The military government, the advent of which struck terror in the hearts of the culprits, who could not find holes deep enough to hide in, began to show a singular lack of capacity to prove equal to the task. It seemed that it had bitten off more than it could chew and was stumbling and blundering along without any direction. Today the government has no control: chaos has grown into anarchy.
It is not only the magnitude of the existing evils that have overwhelmed the government; its own unpragmatic approach has also stymied it. It has made policies which it cannot implement and retreats in the face of resistance. It has introduced reforms which do not work, partly because they are hallucinatory with no concept of what is actually required and partly because the machinery of implementation is recalcitrant, corrupt and incompetent. Even if the reform is good, it cannot work if not implemented properly. Thus the first and foremost task of the government should have been to clean up the administration, for which it has had more than enough time.
It was sad to hear General Musharraf say in his last press conference that it will take a long time to improve the law and order situation. This, coming from a military ruler who has enjoyed three years of unfettered power, is indeed most depressing. This reason for lawlessness is simply the corruption, incompetence and even criminal conduct of the police. Why fudge the issue by seeking other causes or getting trapped in far-fetched theories and philosophies? If the process of cleaning up the police set-up had begun three years ago, today it would be a force no criminal would dare confront. It is as simple as that.
But instead of doing this, the government has introduced highly complicated and uncalled-for reforms which are not working and which, in fact, have increased corruption and incompetence among the police. Similarly, the new local government system is still not understood even by those who are practising it. The need here was to simplify the mode of working and streamline the system so that redress and solutions are easily available. In fact, the opposite has been done. The net result is more misery and hardship for the people and again increased corruption and incompetence.
The government has blundered even more seriously in the political field. Instead of systematically befriending the masses by removing their difficulties and winning their confidence by seeking out the right ones amongst the corrupt and recalcitrant and by bringing forth a new breed of honest, dedicated and motivated class of politicians, it started off by labelling all politicians as crooks and hounding them.
But even in this it could not do a thorough job as most of the real crooks either slipped away or made deals with it, making a mockery of its accountability process. In this state of affairs, the government suddenly woke up to the fact that it is politics that makes the world go round and General Musharraf leapt into the arena with the announcement of a referendum. This and its results were a disaster to beat all disasters.

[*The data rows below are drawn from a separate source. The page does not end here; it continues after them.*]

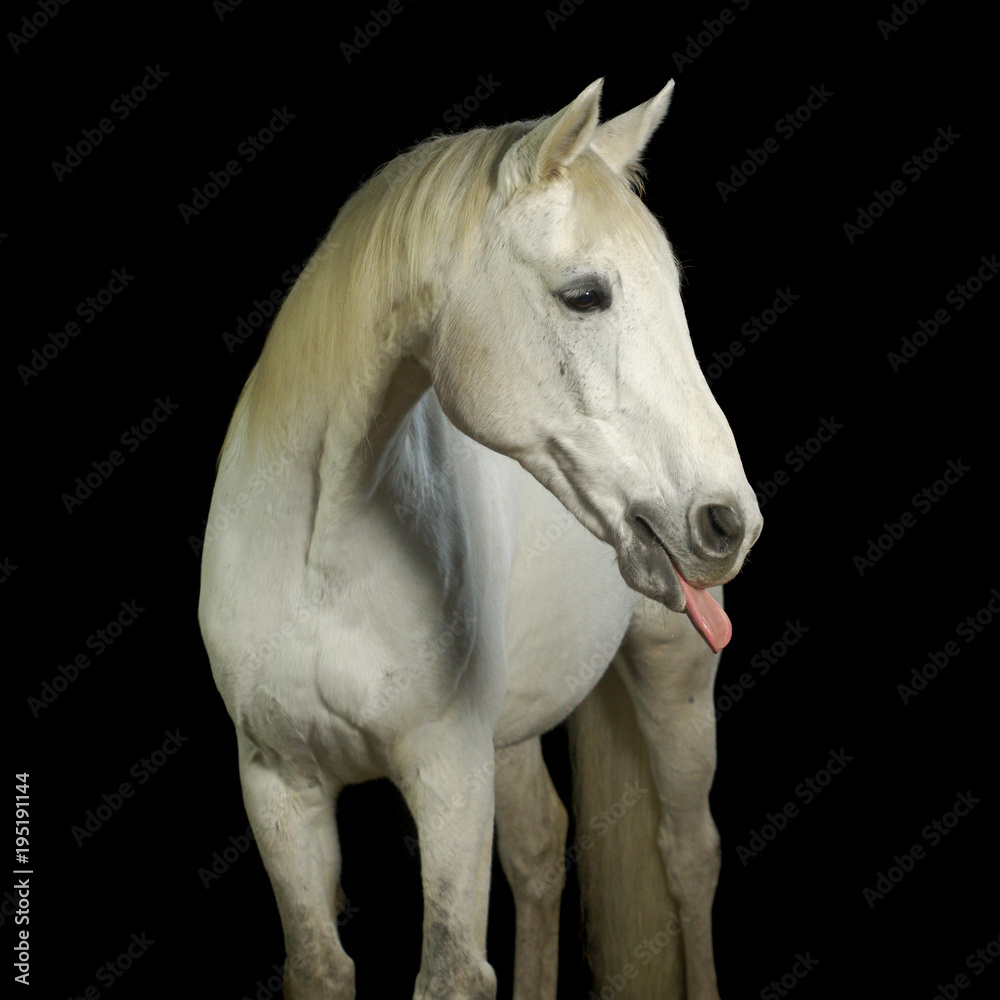 Pferd streckt seine Zunge raus. Aufgenommen im Fotostudio vor schwarzem Hintergrund. Pferd streckt seine Zunge raus. Aufgenommen im Fotostudio vor schwarzem Hintergrund.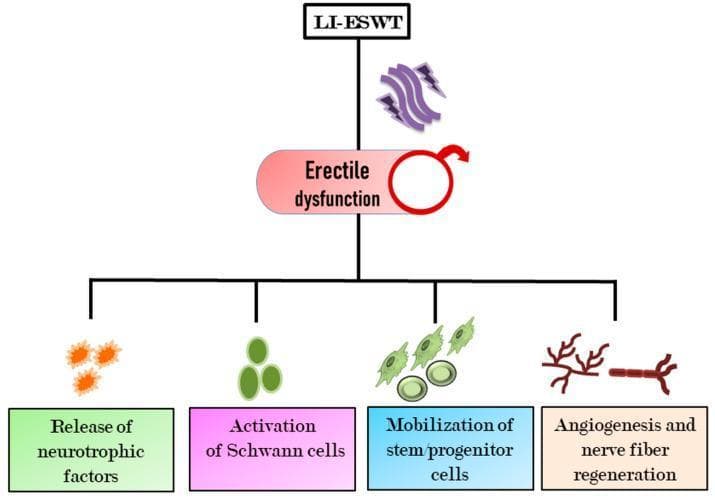 This pathophysiology diagram illustrates the therapeutic mechanisms of Low-Intensity Extracorporeal Shock Wave Therapy (LI-ESWT) in the treatment of erectile dysfunction (ED). The central flowchart displays LI-ESWT as the primary intervention, targeting a node labeled 'Erectile dysfunction' marked with a male symbol. Downstream of this interaction, the diagram identifies four key regenerative processes stimulated by shockwave energy: 1) Release of neurotrophic factors (depicted by orange star-burst icons), 2) Activation of Schwann cells (represented by green ovoid cell icons), 3) Mobilization of stem/progenitor cells (illustrated as green undifferentiated cells), and 4) Angiogenesis and nerve fiber regeneration (visualized as red branching vascular and neural structures). The diagram summarizes the biological pathways by which LI-ESWT promotes tissue repair, neovascularization, and improved hemodynamics within the penile corpora cavernosa. It is designed as an educational overview of regenerative medicine and urological therapy for medical students and clinicians.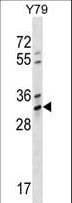 Polyclonal Rabbit anti-Human OR4K1 Antibody (aa68-96, WB)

Going to the people with whom he has no rapport and who were in the grip of mounting hardships which the government had done nothing to lessen, it was obvious that they would manifest a sullen disposition, which gave the PPP and the PML-N a stick to beat the government with. The PPP has stepped up its international propaganda campaign which has put the government on the defensive. Finding itself drowning in the political sea, the government has scrambled only to find leftovers.

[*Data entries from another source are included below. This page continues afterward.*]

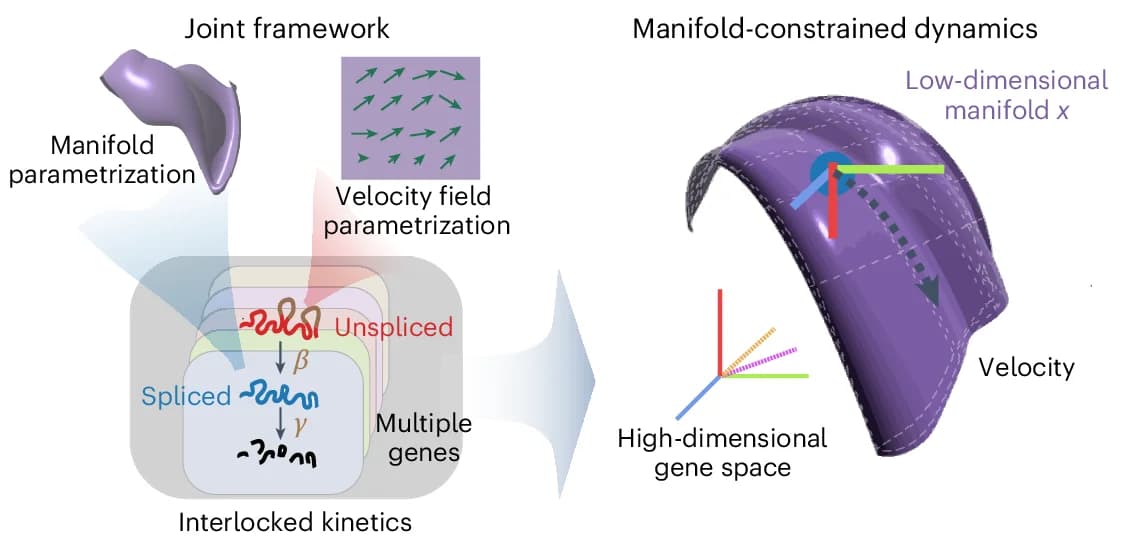 Open access visualization of Workflow, Illustration, Gene Expression, RNA Velocity, Manifold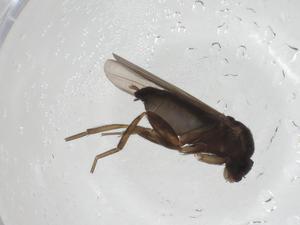  ( - CBG-A27659-C02)  @11 [ ] CreativeCommons - Attribution Share - Alike (2024) Centre for Biodiversity Genomics Centre for Biodiversity Genomics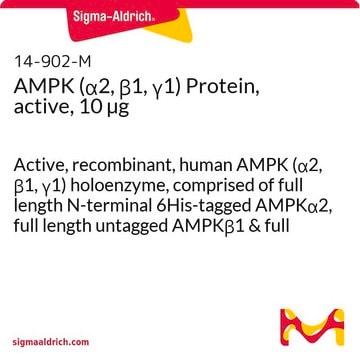 AMPK (&#945;2, &#946;1, &#947;1) Protein, active, 10 &#181;g Active, recombinant, human AMPK (&#945;2, &#946;1, &#947;1) holoenzyme, comprised of full length N-terminal 6His-tagged AMPK&#945;2, full length untagged AMPK&#946;1 &amp; full length untagged AMPK&#947;1. For use in Kinase Assays.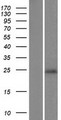 C9orf150 Protein - Western validation with an anti-DDK antibody * L: Control HEK293 lysate R: Over-expression lysate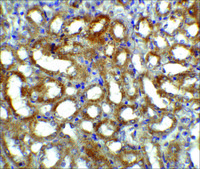 Anti-GFRα3 antibody produced in rabbit IgG fraction of antiserum, buffered aqueous solution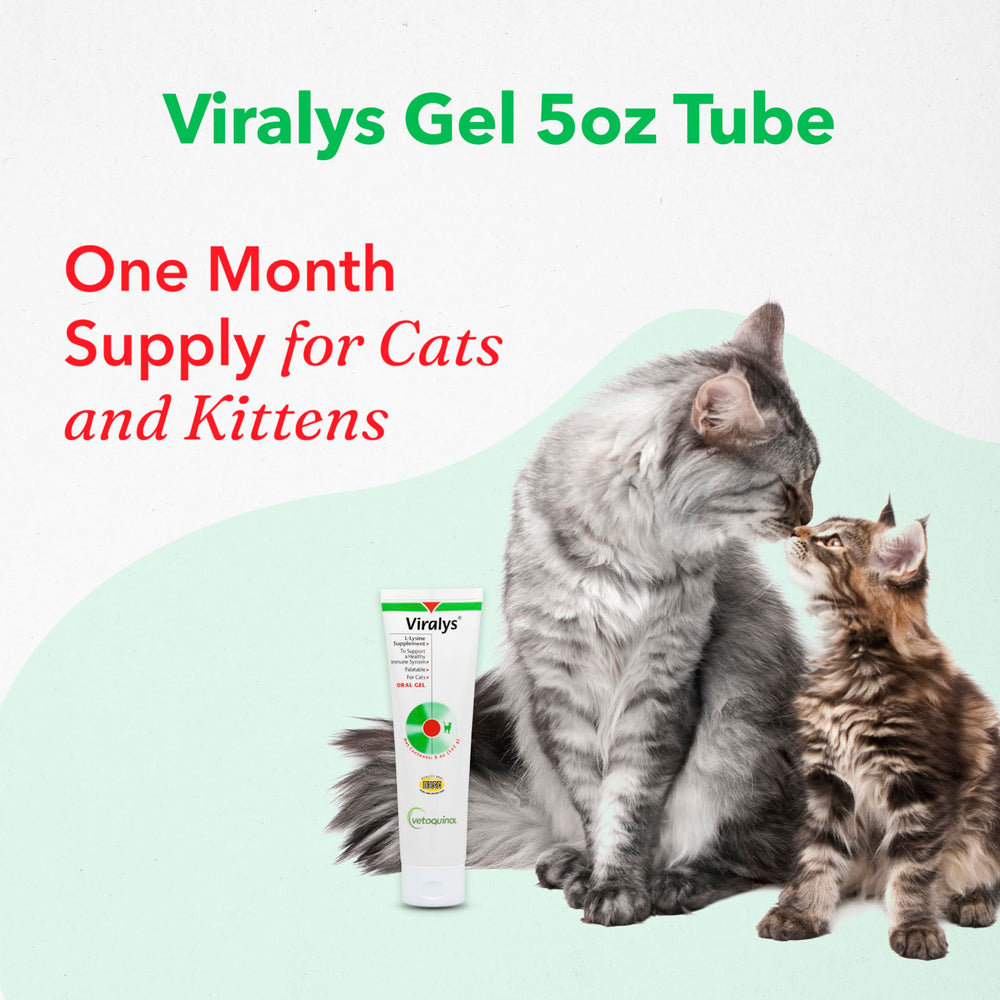 Vetoquinol Viralys Gel apoyo inmunitario felino.
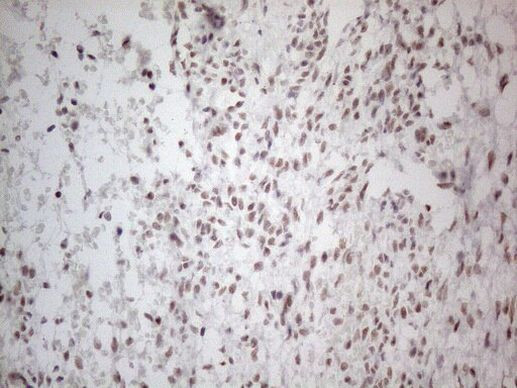 NR2C2 Antibody in Immunohistochemistry (Paraffin) (IHC (P))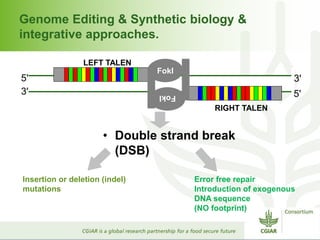 Genome Editing & Synthetic biology & 
integrative approaches. 
5' 
3' 5' 
• Double strand break 
(DSB) 
Insertion or deletion (indel) 
mutations 
FokI 
FokI 
LEFT TALEN 
RIGHT TALEN 
3' 
Error free repair 
Introduction of exogenous 
DNA sequence 
(NO footprint) 
 
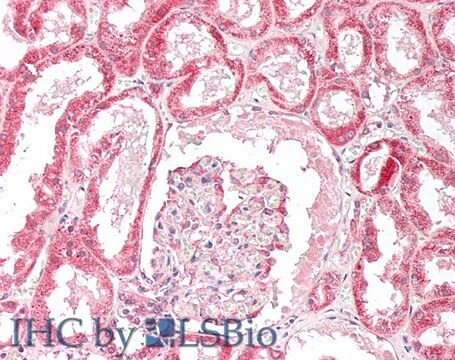 Anti-ORP5 (OBPH1) antibody produced in goat affinity isolated antibody, buffered aqueous solution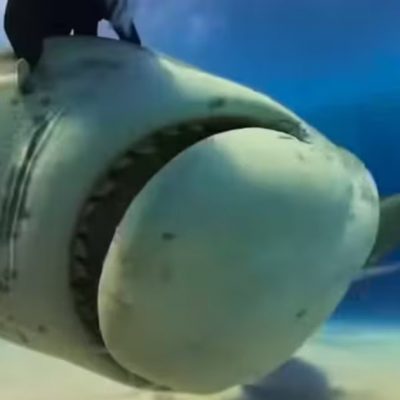 Video POV: un tiburón se tragó una cámara y grabó imágenes inéditas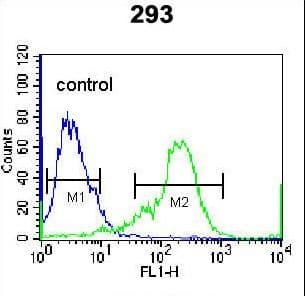 NKX1-2 Antibody (aa46-74)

What has been labelled as the King’s Party is only a conglomeration of losers and rejects who line up for any government that is in power and abandon it when the going gets rough. This is exactly the lot that should have been removed from the field in the process of cleaning up politics.
While the requirement of degrees, etc., has prevented some old sinners from contesting the elections, it is still a sorry lot that is going to the polls. On all sides there are the notorious individuals who are licking their lips for another piece of the cake. There are no manifestos or commitments to the people. There is no belief in any principles or programmes. Even allegiances to parties are fake and expediency the order of the day. Overnight foes are becoming friends and friends turning foes. Who could foresee that Nawaz Sharif and Benazir Bhutto would become political allies and exchange niceties?

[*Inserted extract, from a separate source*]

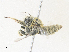  ( - CBG-A36823-E08)  @11 [ ] CreativeCommons - Attribution Share - Alike (2024) CBG Photography Group Centre for Biodiversity Genomics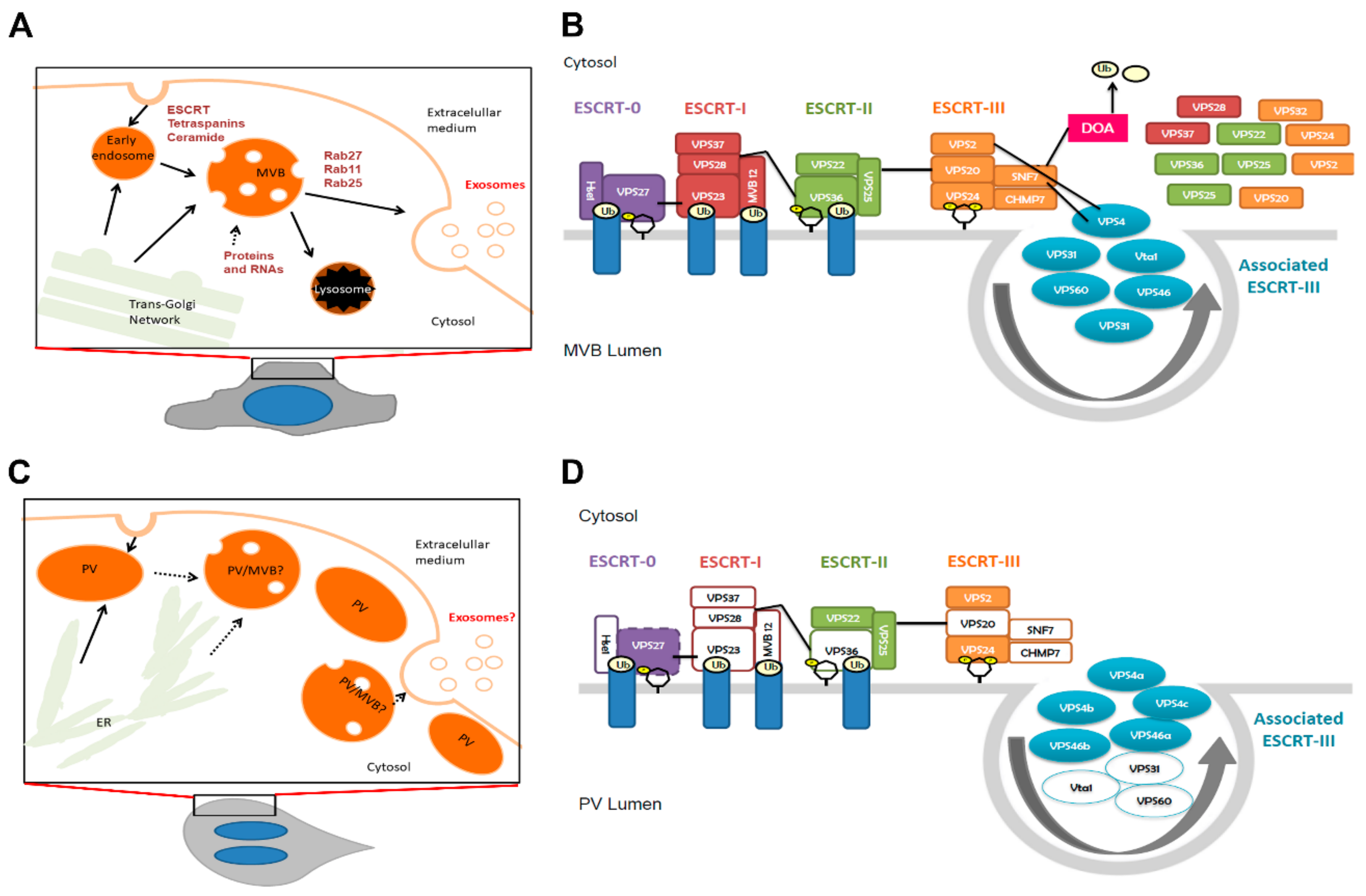 Cells Free Full Text Exosome Biogenesis In The Protozoa Parasite Giardia Lamblia A Model Of Reduced Interorganellar Crosstalk Html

Manipulation, trickery, deceit and lies are all being used to get votes. Rigging and violation of the rules have already begun. The government is the same helpless spectator that it was when all rules and norms were violated in the local bodies’ polls. In one ease in Larkana a Returning Officer, who received the nomination form four days earlier, had only one day for scrutiny which demanded certification of a foreign university degree by the University Grants Commission in Islamabad. Similarly, S.E. Wapda, Sukkur, refused to give an NOC to a candidate who had paid the full amount of the electricity bills in court where these bills were challenged as being bogus.
In Kashmore, a candidate, who has very high ambitions had his forged degree accepted by the Returning Officer even though a similar certificate has been rejected in another case. A report says that in his previous election nomination forms, the forged degree-holder had declared himself to be only Intermediate pass. In Garhi Yasin, the Returning Officer demanded the production of a party ticket from one candidate and not from any other although this is not required to be shown till September 13.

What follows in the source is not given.